TASK REQUIREMENTS: The complete listing goes into the output exactly, without its pictures.

RECORDS TO PROCESS:
↓↓↓

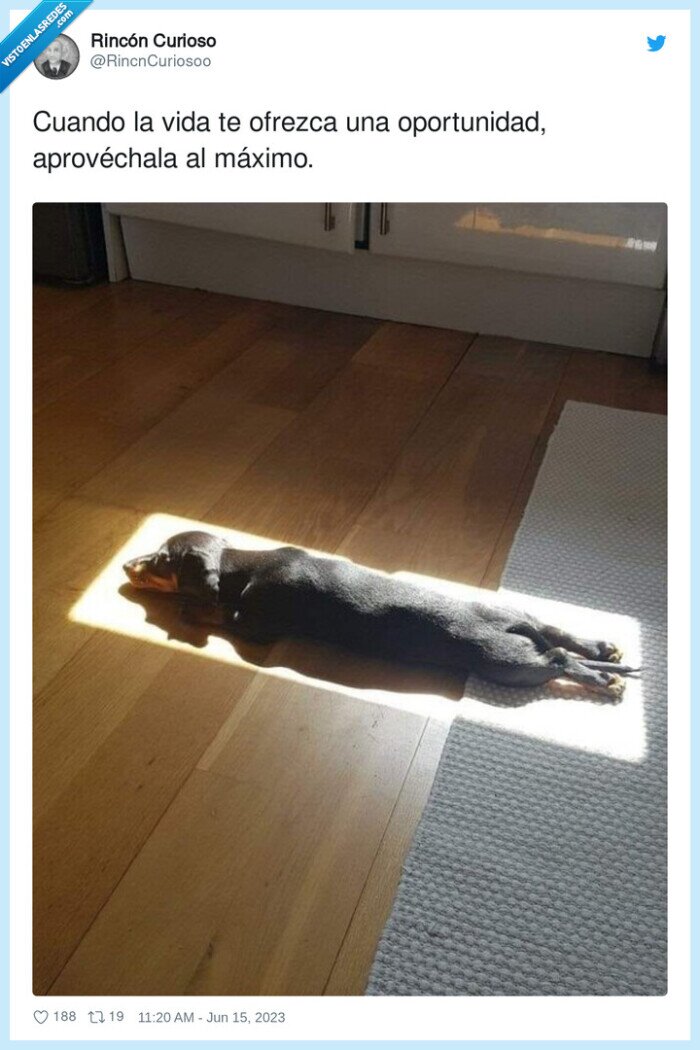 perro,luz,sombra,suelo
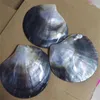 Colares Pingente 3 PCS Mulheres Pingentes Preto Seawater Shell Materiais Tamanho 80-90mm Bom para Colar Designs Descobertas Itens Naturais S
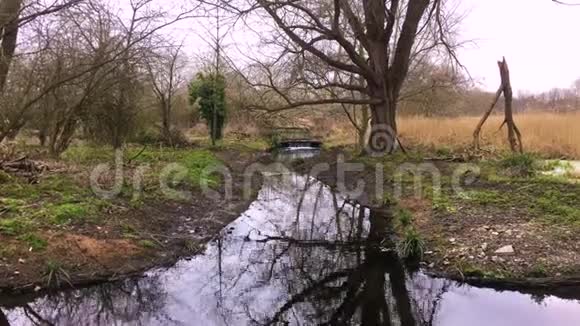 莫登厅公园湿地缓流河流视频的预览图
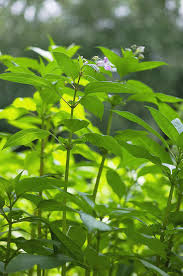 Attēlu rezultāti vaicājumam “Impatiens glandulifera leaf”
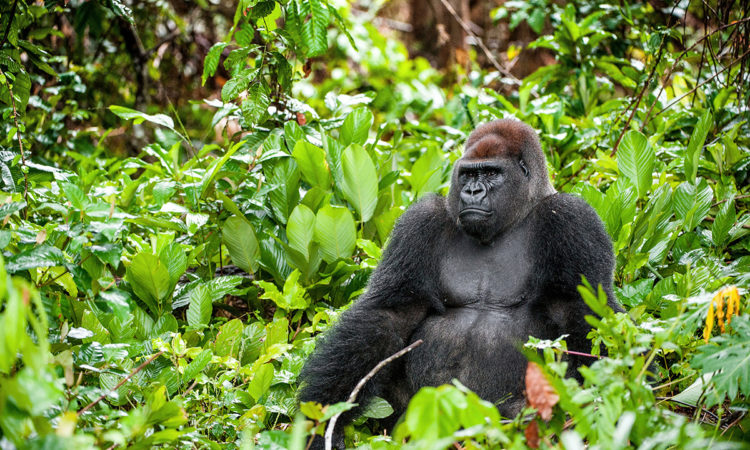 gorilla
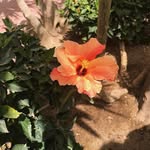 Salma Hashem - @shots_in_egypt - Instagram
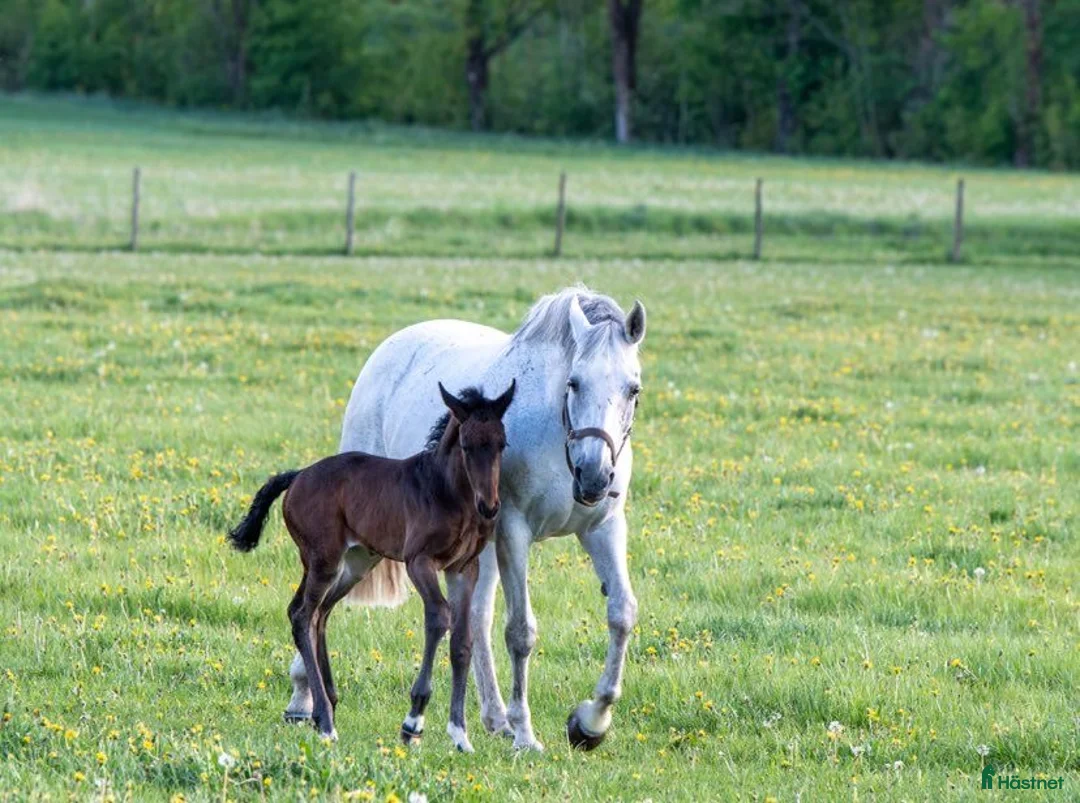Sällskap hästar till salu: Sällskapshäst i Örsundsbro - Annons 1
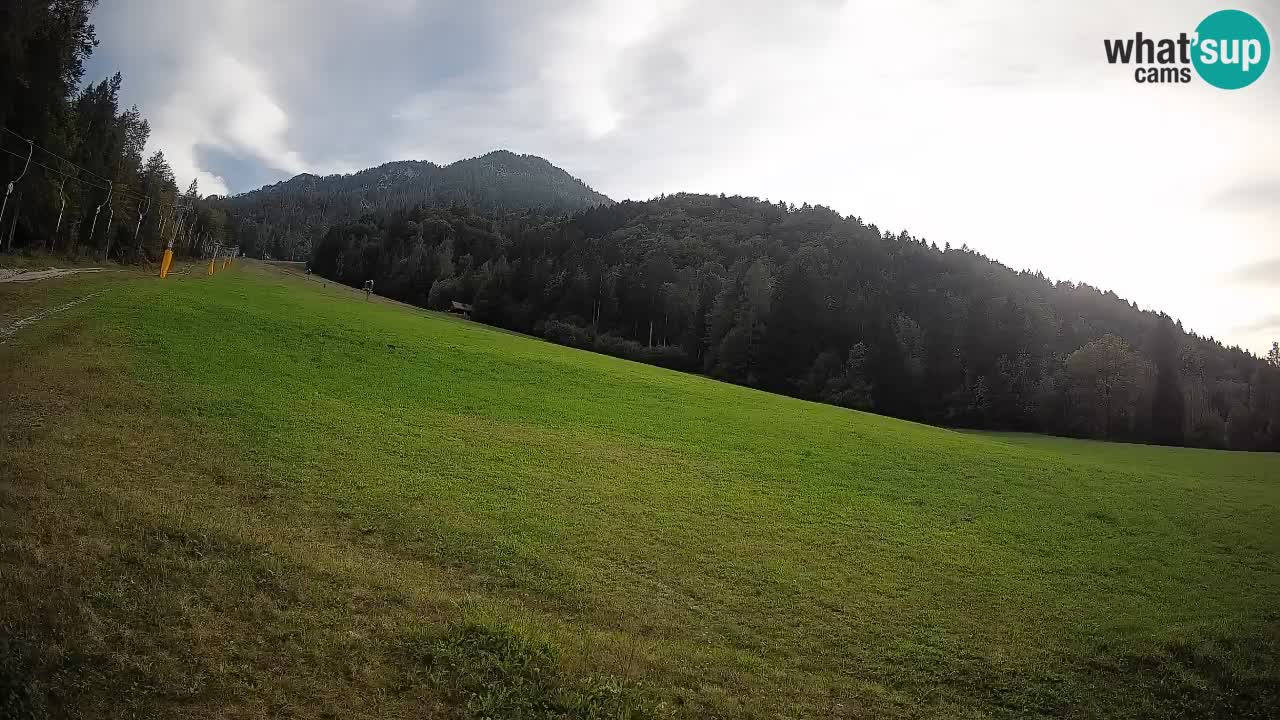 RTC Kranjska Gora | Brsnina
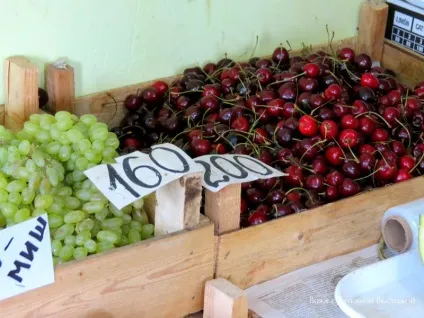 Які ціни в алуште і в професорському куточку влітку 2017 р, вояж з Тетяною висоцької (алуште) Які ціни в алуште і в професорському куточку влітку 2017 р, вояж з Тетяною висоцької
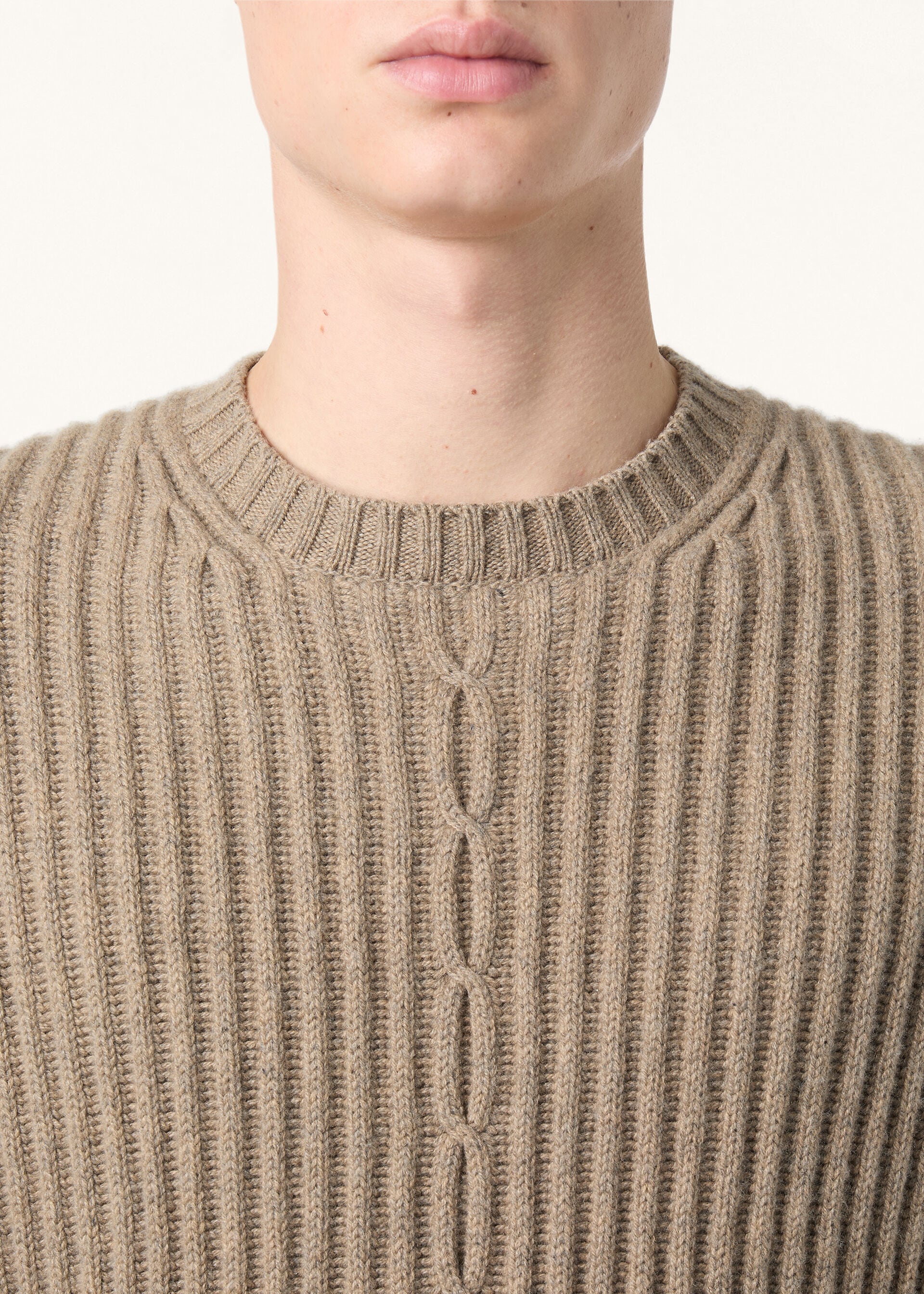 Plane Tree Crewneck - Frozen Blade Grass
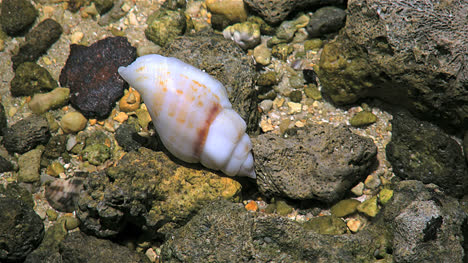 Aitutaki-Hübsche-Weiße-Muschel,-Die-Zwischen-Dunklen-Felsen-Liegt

↑↑↑

EXERCISE SOLUTION:
 perro,luz,sombra,suelo
 Colares Pingente 3 PCS Mulheres Pingentes Preto Seawater Shell Materiais Tamanho 80-90mm Bom para Colar Designs Descobertas Itens Naturais S
 莫登厅公园湿地缓流河流视频的预览图
 Attēlu rezultāti vaicājumam “Impatiens glandulifera leaf”
 gorilla
 Salma Hashem - @shots_in_egypt - Instagram
Sällskap hästar till salu: Sällskapshäst i Örsundsbro - Annons 1
 RTC Kranjska Gora | Brsnina
 Які ціни в алуште і в професорському куточку влітку 2017 р, вояж з Тетяною висоцької (алуште) Які ціни в алуште і в професорському куточку влітку 2017 р, вояж з Тетяною висоцької
 Plane Tree Crewneck - Frozen Blade Grass
 Aitutaki-Hübsche-Weiße-Muschel,-Die-Zwischen-Dunklen-Felsen-Liegt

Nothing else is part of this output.